Making the mummy bundles, in other words preparing the Paracas elite for burial, involved an elaborate ritual. The naked corpse was first bound with cords to fix it in a seated position. Wrapped pieces of cotton or occasionally gold were put in the mouth, and grander corpses had a golden mask strapped to the lower half of their face. After this the body was wrapped in a large embroidered textile – our fragments must come from one of these – and the encased body was then seated upright in a big shallow basket containing offerings of shell necklaces, animal skins, bird feathers from the Amazonian jungle and food, including maize and peanuts. Then body, offerings and basket, all together, were wrapped in layers of plain cotton cloth to form one giant conical mummy bundle, sometimes up to 1.5 metres (5 feet) wide.

It’s impossible to know exactly what our embroidered figures represent. Apparently floating in the air, with bared teeth and clawed hands, it is easy to imagine that they are not human but creatures from the spirit world. But as they hold daggers and severed heads, perhaps we are in the realm of ritual sacrifice. What is this killing for? And why would you embroider it on a textile? We’re clearly in the presence of a very complex structure of belief and myth, and the stakes are as high as they can be. For these are embroideries about life and death. Mary Frame explains:

The severed heads, the wounds, the strange posture, seem to be depicting a whole set of stages of transformation between the human into the mythic ancestor. Blood and fertility seem to be themes that are intertwined with this. These textiles are really directed like a supplication for success with crops. Peruvian land is very marginal – it’s terrifically arid down there; the people had an intense focus on rituals that would ensure continual success. Water is necessary for plant growth – blood is conceived of as being even more potent.

When the first Europeans arrived in Central and South America 1,800 years later, they found societies structured around blood sacrifices to ensure the continuing cycle of sunshine and rain, seasons and crops. So these four little embroideries give us a certain amount of information, and can form the basis of a great deal of speculation, about how the people of the Paracas lived, died and believed. But, quite apart from that, they are great imaginative achievements, masterpieces of needlework.

It’s certain that American societies at this date, even advanced ones like the Paracas, were much smaller in scale than the contemporary states that we’ve been looking at in the Middle East and China. It was to be many centuries yet before empires like the Incas would emerge.

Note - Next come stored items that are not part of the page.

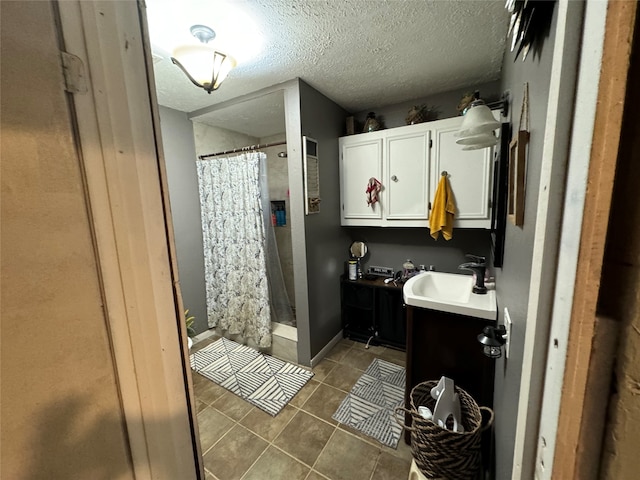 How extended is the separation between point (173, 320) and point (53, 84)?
0.48m

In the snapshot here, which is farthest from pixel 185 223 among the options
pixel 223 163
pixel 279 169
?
pixel 279 169

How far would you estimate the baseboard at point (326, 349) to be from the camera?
7.34 ft

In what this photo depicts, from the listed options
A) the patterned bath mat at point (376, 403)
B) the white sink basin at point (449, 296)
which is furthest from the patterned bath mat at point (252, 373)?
the white sink basin at point (449, 296)

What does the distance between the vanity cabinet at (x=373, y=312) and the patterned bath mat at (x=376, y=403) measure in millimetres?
304

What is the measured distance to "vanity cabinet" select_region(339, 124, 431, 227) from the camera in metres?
2.13

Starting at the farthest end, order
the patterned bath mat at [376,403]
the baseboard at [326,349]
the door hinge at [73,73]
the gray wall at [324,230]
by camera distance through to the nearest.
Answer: the baseboard at [326,349], the gray wall at [324,230], the patterned bath mat at [376,403], the door hinge at [73,73]

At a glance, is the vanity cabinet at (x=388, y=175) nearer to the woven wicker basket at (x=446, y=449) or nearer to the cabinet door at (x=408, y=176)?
the cabinet door at (x=408, y=176)

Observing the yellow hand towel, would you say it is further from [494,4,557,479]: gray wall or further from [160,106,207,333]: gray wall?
[160,106,207,333]: gray wall

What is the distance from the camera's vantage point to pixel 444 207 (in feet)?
6.56

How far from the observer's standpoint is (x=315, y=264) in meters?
2.22

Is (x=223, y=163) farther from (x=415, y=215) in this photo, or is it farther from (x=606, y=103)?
(x=606, y=103)

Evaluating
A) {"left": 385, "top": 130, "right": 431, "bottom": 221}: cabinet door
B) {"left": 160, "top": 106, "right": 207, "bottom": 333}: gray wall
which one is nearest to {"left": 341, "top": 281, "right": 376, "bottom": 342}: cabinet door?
{"left": 385, "top": 130, "right": 431, "bottom": 221}: cabinet door

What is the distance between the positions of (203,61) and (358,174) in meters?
1.53

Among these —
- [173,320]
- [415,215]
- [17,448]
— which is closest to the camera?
[17,448]
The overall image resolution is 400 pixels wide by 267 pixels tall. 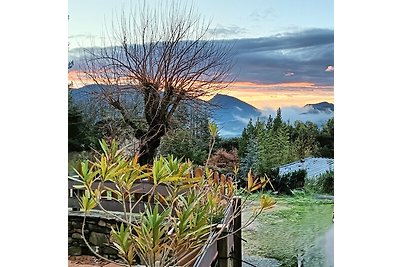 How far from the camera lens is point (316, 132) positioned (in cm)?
283

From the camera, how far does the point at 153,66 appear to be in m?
2.92

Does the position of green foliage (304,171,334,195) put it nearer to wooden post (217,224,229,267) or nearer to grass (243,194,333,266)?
grass (243,194,333,266)

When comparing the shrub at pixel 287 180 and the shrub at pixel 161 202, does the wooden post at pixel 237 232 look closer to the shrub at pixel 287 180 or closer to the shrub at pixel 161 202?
the shrub at pixel 161 202

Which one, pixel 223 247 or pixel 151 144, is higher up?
pixel 151 144

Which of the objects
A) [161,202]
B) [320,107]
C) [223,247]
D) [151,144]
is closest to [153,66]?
[151,144]

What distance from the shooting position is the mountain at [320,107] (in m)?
2.80

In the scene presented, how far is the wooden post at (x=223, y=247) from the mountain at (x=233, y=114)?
482mm

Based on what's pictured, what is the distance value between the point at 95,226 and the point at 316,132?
1.19 m

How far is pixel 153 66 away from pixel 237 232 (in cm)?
94

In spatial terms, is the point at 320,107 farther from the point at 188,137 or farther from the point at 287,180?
the point at 188,137

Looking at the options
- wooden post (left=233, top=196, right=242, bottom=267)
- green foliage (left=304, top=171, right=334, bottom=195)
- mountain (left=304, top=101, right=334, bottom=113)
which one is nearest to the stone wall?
wooden post (left=233, top=196, right=242, bottom=267)

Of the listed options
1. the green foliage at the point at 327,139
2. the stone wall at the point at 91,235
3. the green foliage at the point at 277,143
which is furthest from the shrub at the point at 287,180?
the stone wall at the point at 91,235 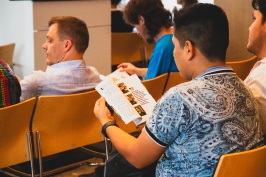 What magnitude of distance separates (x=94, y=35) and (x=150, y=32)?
162cm

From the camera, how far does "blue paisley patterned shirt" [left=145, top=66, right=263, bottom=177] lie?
1.74 meters

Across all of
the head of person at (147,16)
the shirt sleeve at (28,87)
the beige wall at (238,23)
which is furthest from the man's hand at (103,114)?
the beige wall at (238,23)

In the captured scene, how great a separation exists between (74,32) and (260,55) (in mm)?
1296

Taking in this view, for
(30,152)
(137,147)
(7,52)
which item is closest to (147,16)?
(30,152)

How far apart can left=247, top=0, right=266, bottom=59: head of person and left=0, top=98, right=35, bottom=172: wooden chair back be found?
3.84ft

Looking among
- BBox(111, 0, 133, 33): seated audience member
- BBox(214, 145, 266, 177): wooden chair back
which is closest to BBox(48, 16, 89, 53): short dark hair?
BBox(214, 145, 266, 177): wooden chair back

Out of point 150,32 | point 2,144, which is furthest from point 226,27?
point 150,32

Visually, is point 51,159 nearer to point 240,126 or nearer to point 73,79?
point 73,79

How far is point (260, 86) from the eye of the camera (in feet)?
6.94

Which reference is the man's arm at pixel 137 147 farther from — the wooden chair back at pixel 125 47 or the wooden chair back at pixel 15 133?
the wooden chair back at pixel 125 47

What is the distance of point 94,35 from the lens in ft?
17.0

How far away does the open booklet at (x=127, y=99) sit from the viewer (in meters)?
2.12

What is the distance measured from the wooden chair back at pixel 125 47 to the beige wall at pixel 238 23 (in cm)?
127

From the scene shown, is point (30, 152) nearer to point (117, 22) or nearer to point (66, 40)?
point (66, 40) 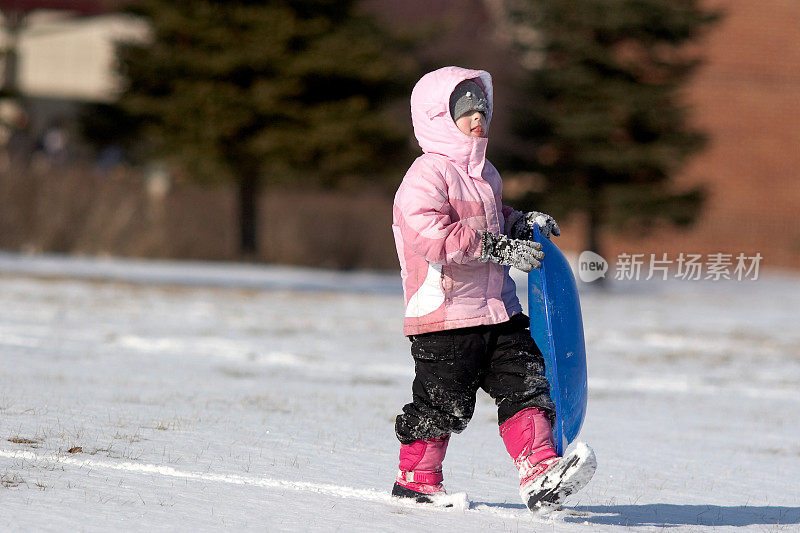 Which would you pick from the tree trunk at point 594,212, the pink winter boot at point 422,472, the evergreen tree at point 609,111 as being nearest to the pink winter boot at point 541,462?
the pink winter boot at point 422,472

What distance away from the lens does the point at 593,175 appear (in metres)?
23.8

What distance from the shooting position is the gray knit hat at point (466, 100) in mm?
4914

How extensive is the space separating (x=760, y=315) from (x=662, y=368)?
854cm

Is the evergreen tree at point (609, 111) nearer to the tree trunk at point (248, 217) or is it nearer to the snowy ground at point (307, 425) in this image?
the tree trunk at point (248, 217)

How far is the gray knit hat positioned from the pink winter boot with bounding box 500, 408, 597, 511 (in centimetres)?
120

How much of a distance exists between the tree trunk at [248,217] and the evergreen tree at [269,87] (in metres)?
1.30

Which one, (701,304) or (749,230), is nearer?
(701,304)

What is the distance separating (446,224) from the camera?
15.4 ft

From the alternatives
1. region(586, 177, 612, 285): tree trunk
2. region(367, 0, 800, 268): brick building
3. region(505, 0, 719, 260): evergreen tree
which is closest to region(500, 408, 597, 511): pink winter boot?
region(505, 0, 719, 260): evergreen tree

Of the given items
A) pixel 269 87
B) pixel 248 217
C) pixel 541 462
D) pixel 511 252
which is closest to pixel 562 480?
pixel 541 462

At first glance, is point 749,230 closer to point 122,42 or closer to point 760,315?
point 760,315

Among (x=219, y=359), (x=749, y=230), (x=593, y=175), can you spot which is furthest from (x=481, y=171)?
(x=749, y=230)

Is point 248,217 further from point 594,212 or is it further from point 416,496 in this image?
point 416,496

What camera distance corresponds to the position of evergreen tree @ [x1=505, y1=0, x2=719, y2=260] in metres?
22.8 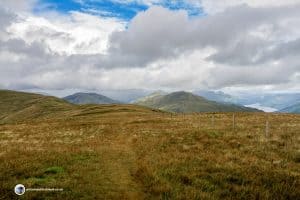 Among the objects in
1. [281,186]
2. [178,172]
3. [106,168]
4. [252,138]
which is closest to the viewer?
[281,186]

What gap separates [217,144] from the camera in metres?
24.3

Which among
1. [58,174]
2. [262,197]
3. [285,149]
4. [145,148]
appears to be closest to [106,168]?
[58,174]

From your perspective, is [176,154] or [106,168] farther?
[176,154]

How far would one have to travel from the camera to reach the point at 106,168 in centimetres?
1708

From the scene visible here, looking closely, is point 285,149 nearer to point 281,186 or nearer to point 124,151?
point 281,186

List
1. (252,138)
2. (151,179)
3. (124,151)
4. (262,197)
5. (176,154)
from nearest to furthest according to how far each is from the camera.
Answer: (262,197) < (151,179) < (176,154) < (124,151) < (252,138)

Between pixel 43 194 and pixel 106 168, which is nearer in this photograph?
pixel 43 194

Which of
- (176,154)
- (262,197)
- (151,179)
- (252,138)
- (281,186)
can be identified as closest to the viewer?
(262,197)

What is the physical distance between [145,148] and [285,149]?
32.4 feet

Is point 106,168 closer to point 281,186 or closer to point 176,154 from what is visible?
point 176,154

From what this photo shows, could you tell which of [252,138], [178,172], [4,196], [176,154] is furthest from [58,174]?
[252,138]

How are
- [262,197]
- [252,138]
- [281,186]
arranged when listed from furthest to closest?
[252,138], [281,186], [262,197]

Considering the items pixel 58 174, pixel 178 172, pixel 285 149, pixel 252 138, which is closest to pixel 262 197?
pixel 178 172

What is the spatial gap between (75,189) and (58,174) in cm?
308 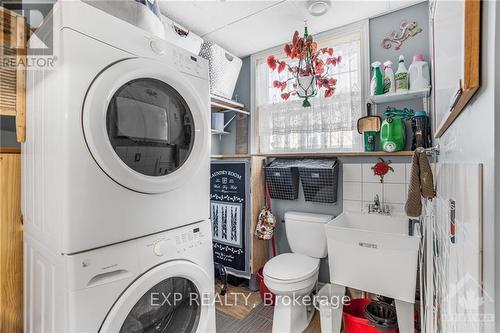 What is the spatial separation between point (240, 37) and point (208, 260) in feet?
6.81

But these textiles and embroideries of the Paracas, produced more than 2,000 years ago, are now considered among the greatest in the world. These textiles are seen as part of the fabric of the nation, and in contemporary Peru there is a determined effort to revitalize these traditional weaving and sewing practices in order to connect modern Peruvians directly to their ancient, indigenous, and entirely non-European past.